一行人匆忙的策馬狂奔起來,朝著利達堡方向而去,就在溫德爾男爵一行人躲避了歐格登的封鎖,進入了溫德爾男爵的利達堡內的時候,在格羅佛的嚴刑逼供下那名被俘虜的血滴子兄弟會成員終于扛不住了,渾身鮮血淋漓每一寸肌膚都沒有好肉的俘虜,將哈維拿到了刺客行會的文件的事情吐了出來。
“哈,哈維首領,拿到了勞齊茨伯爵大人毒殺老公爵的證據。
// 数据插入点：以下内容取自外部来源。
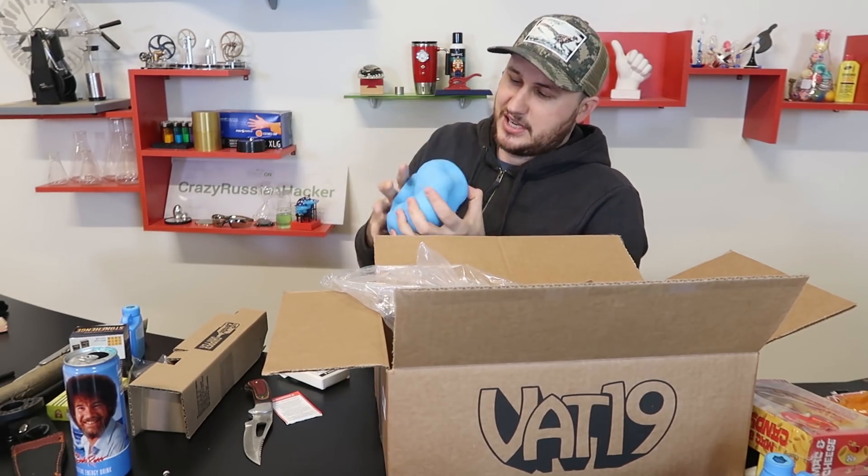Oh, this is actually very satisfying. Still a good one.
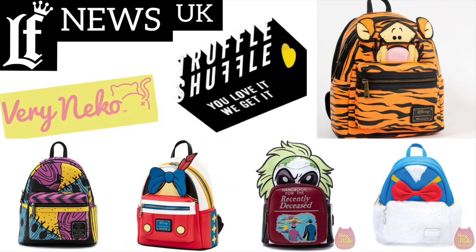What's going on everyone, this is your favorite collector Sweet Wheels, and welcome back to another episode of Loungefly News. I got the UK up here because the majority of this video I'm going to be talking about releases going on in the UK, mainly with Truffle Shuffle and Verry Neko UK.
”
“什么?”格羅佛目瞪口呆的看著面前的俘虜,不相信的再一次詢問道,再得到了確信的消息后,他連忙把這個消息告訴了莊園中的勞齊茨伯爵。
“這不可能,為什么他們會知道?”正在享用著美酒佳肴的勞齊茨伯爵吃驚之下,手中盛滿了殷紅葡萄酒的酒杯掉落在地上,他確實雇傭了刺客殺死酒窖總管,可是沒想到消息靈通的刺客行會竟然將他的計劃記錄了下來,很明顯對于刺客行會來說來提供毒藥的,南方那個家族也不過是他們的一個分支機構而已,“繼位粉”文件中也詳細了記錄了下來,若是公之于眾勞齊茨伯爵將成為一名被人唾棄的弒君禽獸。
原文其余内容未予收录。